• INPUT DATA
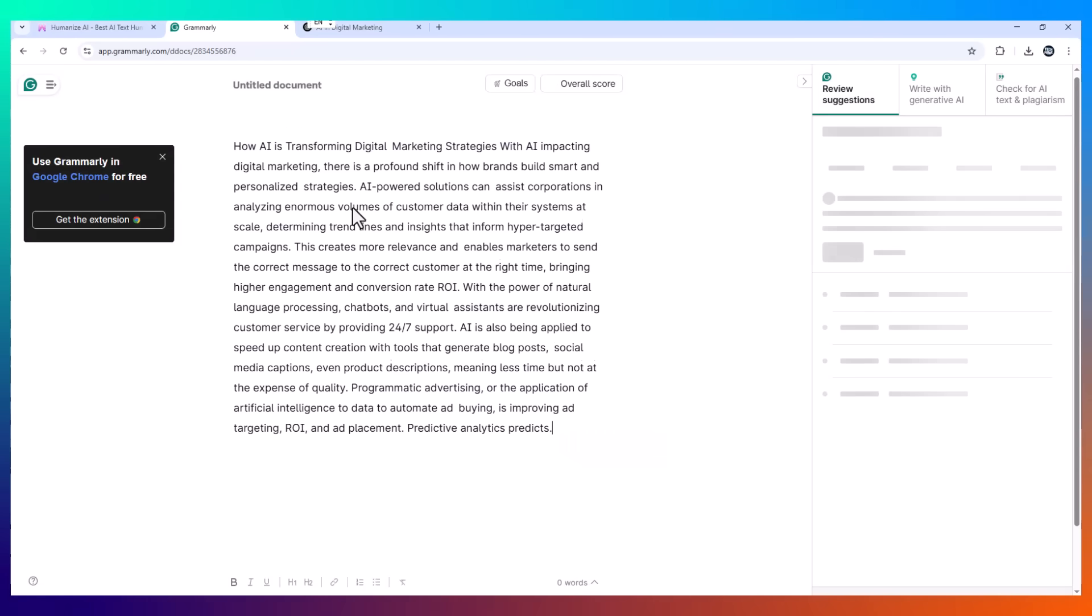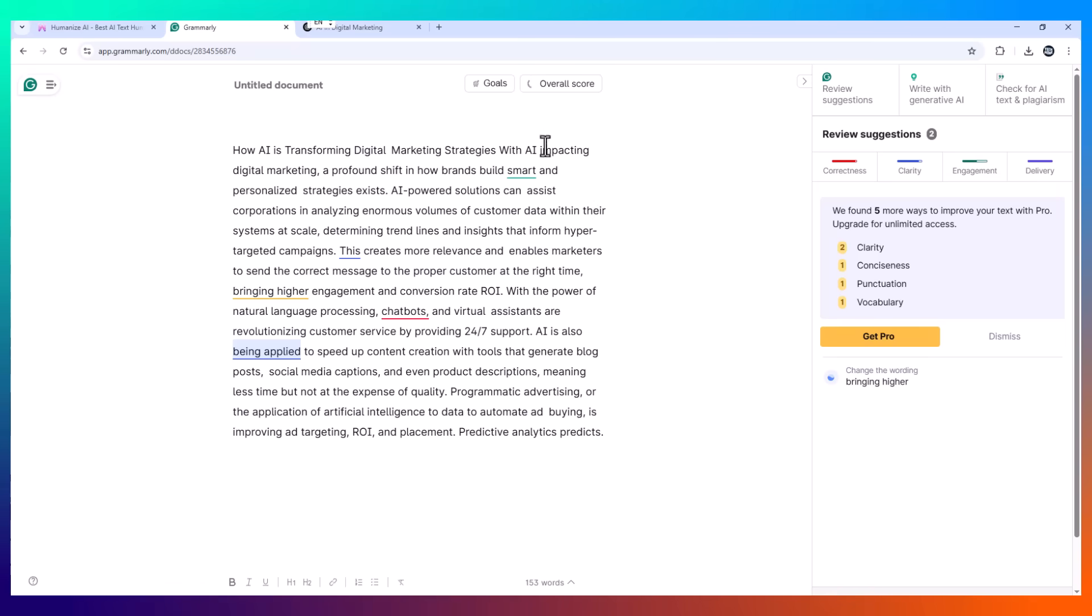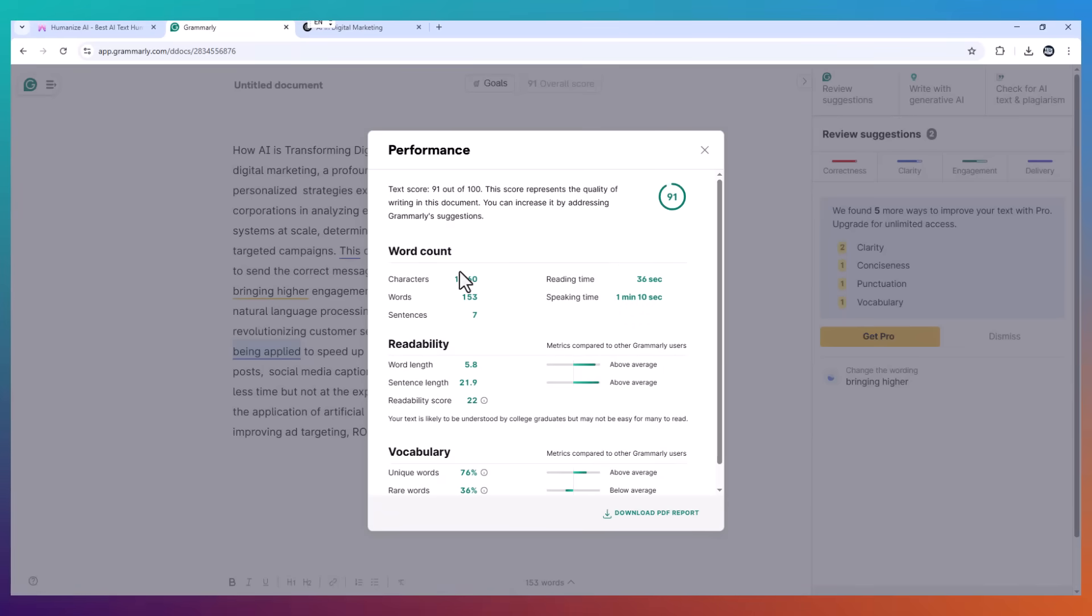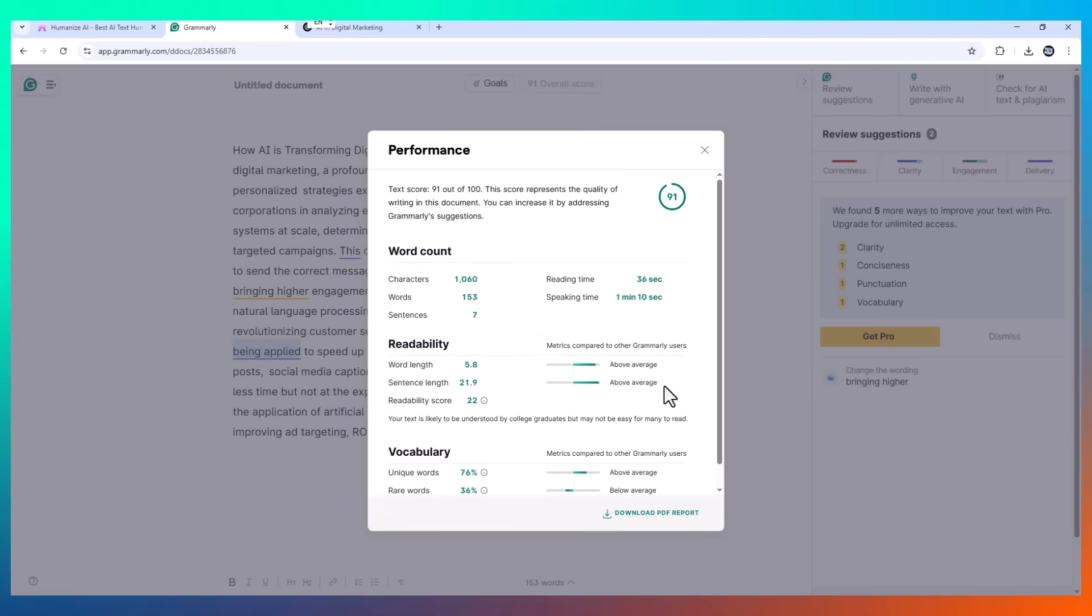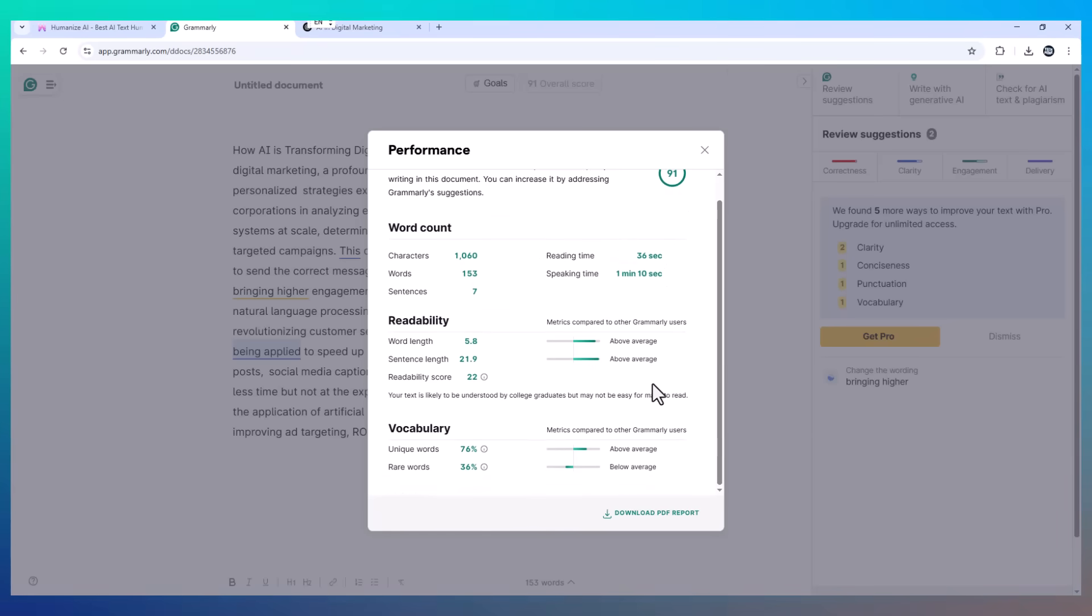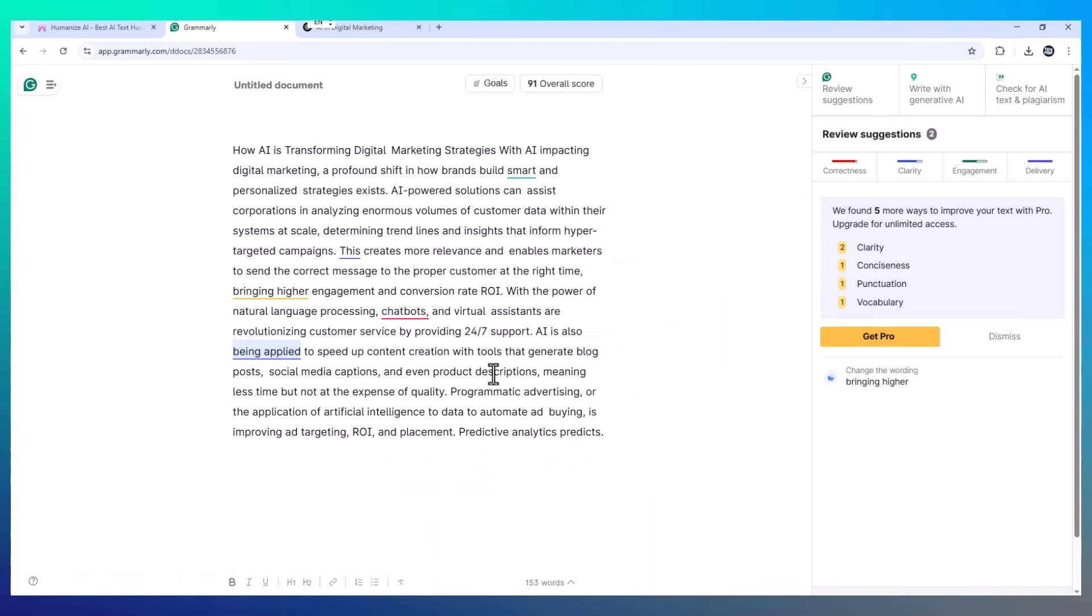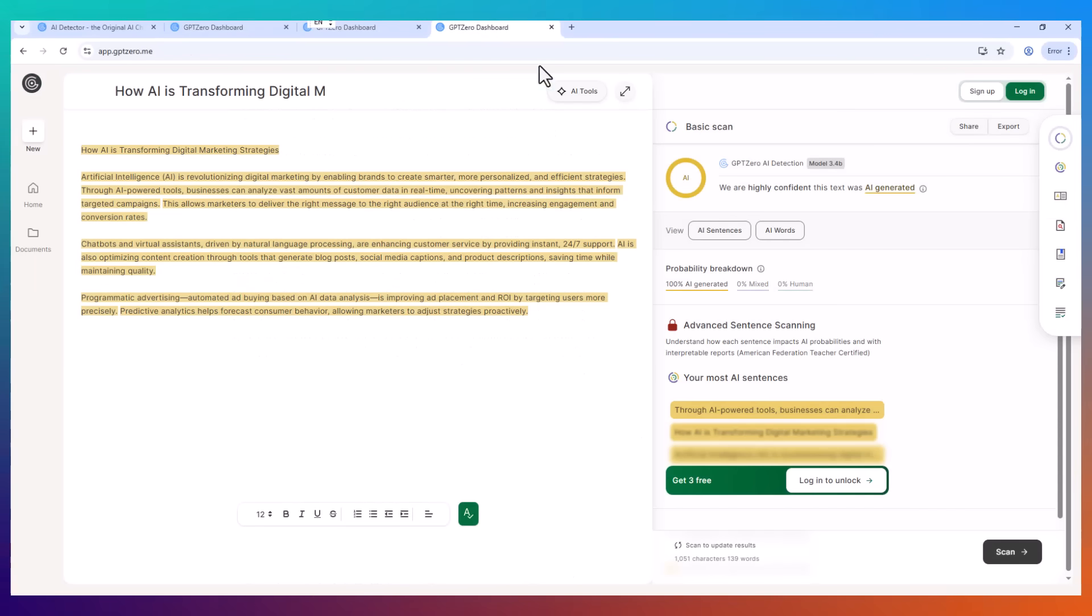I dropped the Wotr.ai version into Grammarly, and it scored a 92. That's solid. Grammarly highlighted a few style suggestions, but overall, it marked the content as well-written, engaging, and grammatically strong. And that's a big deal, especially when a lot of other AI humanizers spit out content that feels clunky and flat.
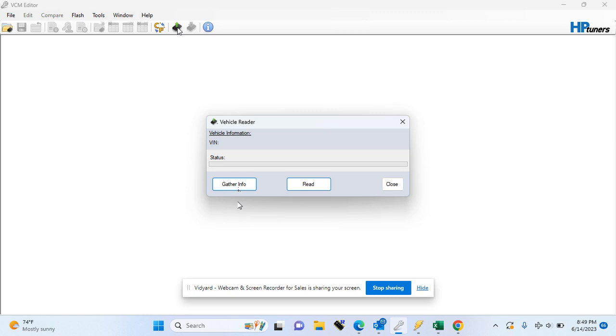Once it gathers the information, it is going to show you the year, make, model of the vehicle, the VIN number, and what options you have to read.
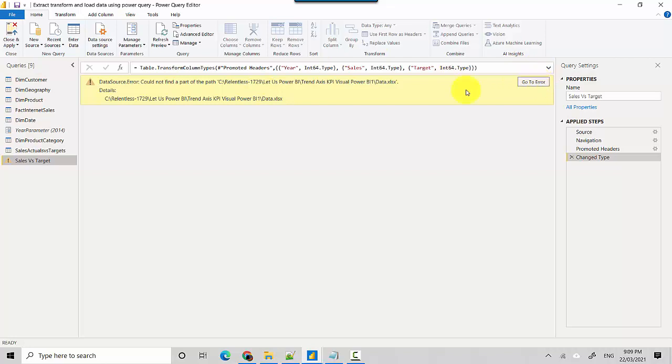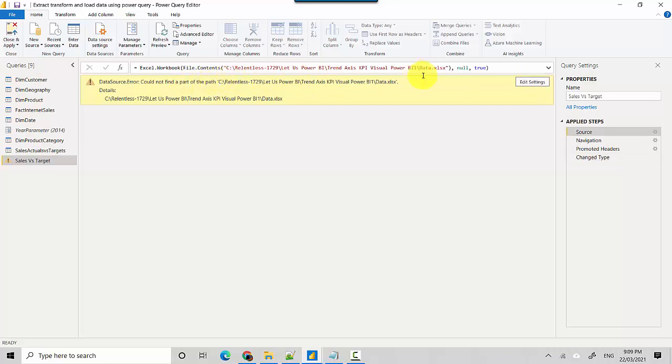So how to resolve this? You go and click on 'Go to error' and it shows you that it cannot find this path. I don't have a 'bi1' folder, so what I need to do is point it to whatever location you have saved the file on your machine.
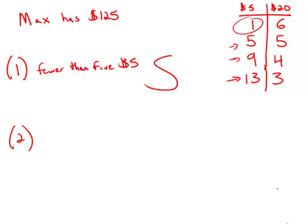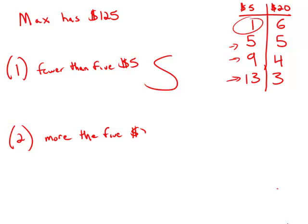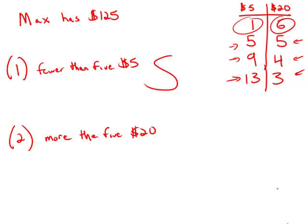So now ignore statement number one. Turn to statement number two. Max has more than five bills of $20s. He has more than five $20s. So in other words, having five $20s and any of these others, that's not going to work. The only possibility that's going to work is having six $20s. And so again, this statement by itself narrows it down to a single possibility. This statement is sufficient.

• PROBLEM DESCRIPTION
The expected response is every line of the material, written out exactly, with the images removed.

• TASK ANSWER
I dropped the Wotr.ai version into Grammarly, and it scored a 92. That's solid. Grammarly highlighted a few style suggestions, but overall, it marked the content as well-written, engaging, and grammatically strong. And that's a big deal, especially when a lot of other AI humanizers spit out content that feels clunky and flat.
Once it gathers the information, it is going to show you the year, make, model of the vehicle, the VIN number, and what options you have to read.
So how to resolve this? You go and click on 'Go to error' and it shows you that it cannot find this path. I don't have a 'bi1' folder, so what I need to do is point it to whatever location you have saved the file on your machine.
So now ignore statement number one. Turn to statement number two. Max has more than five bills of $20s. He has more than five $20s. So in other words, having five $20s and any of these others, that's not going to work. The only possibility that's going to work is having six $20s. And so again, this statement by itself narrows it down to a single possibility. This statement is sufficient.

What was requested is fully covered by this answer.